Makinoさまから《亀はまれにキュッと鳴くだけで、4匹ぐらい居ても、ちっともうるさくないです。》というコメントを頂戴したので思い出した。五円玉十九枚と組紐などでできた蓑亀(みのがめ)。老母の箪笥の奥深くにしまい込まれていた。どうやら伝統的な(?)手芸の一種のようである(
五円玉手芸の親子亀)。
亀鳴くについては
田中美穂さんの新刊『亀のひみつ』
http://sumus.exblog.jp/18878017/
から鳴き声ではなく擦過音(さっかおん)だという説を引用したことがある。そのときに《『俳諧歳時記』(享和三年、一八〇三年)にも収められているということだが》と書いた。その享和三年『俳諧歳時記』を先頃入手した(上巻だけなので奥付がない)。滝沢馬琴が編輯し、初めて「俳諧歳時記」を表題とした書物だそうだ。
「二月」の部にたしかに《亀鳴 夫木集 亀も田にしも月のあかき夜にハ鳴ものなり》とある。夫木集は鎌倉後期の私撰和歌集(藤原長清撰)で延慶三年(1310)ごろの成立。ということは藤原為家の「亀のなくなり」はここに収録されているのだろうと思って検索してみると、やはりそうだった。

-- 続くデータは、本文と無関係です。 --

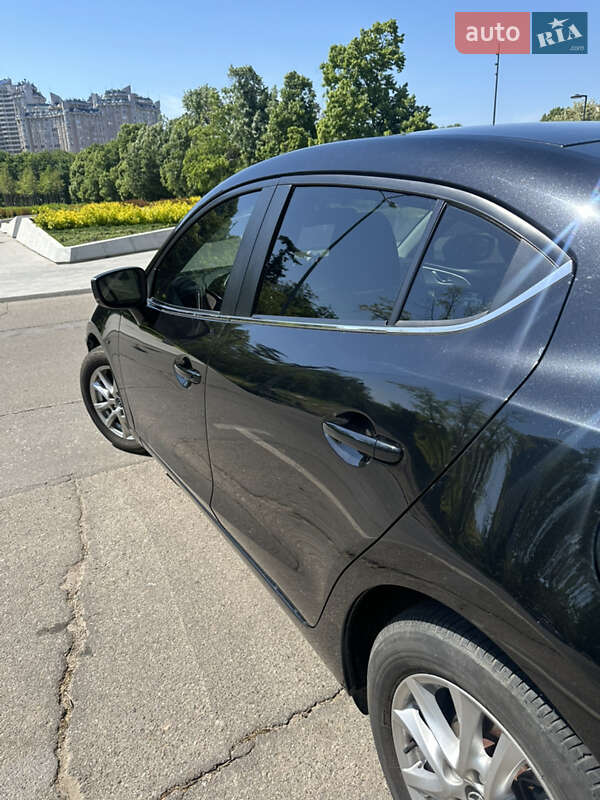 Седан Mazda 3 2017 в Одессе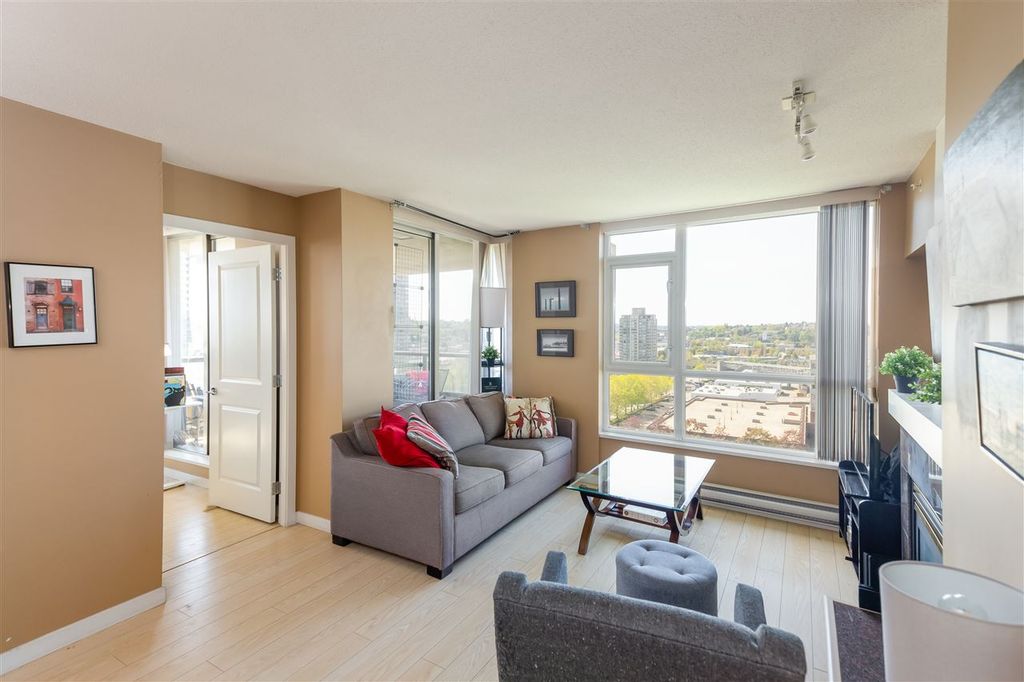 listing image 1101792003168458474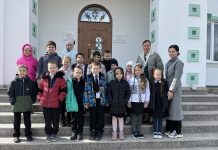 Храм Святой Троицы станицы Динской посетили казачата школы № 1 им. А. Туркина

かはこしの-みちのなかちの-ゆふやみに-なにそときけは-かめそなくなる 為家
他にもおめでたいだけに亀の歌はかなりたくさんあった。蓑亀や亀島(亀が神仙山を背負う伝説)といったテーマも頻出。ごく一部を引用してみる(
『夫木抄(夫木和歌抄)』日文研データベースより)。
かめのをの-やまのいはねの-みやつくり-うこきなきよの-ためしなるへし 為家
わたつみの-そこにねささぬ-うきしまは-かめのせなかに-つめるちりかも 能宣
やすかはの-みなそこみえて-いるかめの-よろつよしりて-あそふをそみる 兼盛
かはのせに-うきたるかめの-さしくしは-みしよなからの-しるしなりけり 光俊
よつのうみ-をさまれるよは-おとにきく-かめのみやまも-なみそこすらむ 俊成
わかこひは-かめのうへなる-やまなれや-なをのみききて-みるときもなし 基家
なお、宮地伝三郎『俳風動物記』(岩波新書、一九八四年)では「田螺(タニシ)鳴く」が考察されているというから、いずれ読んでみたいもの。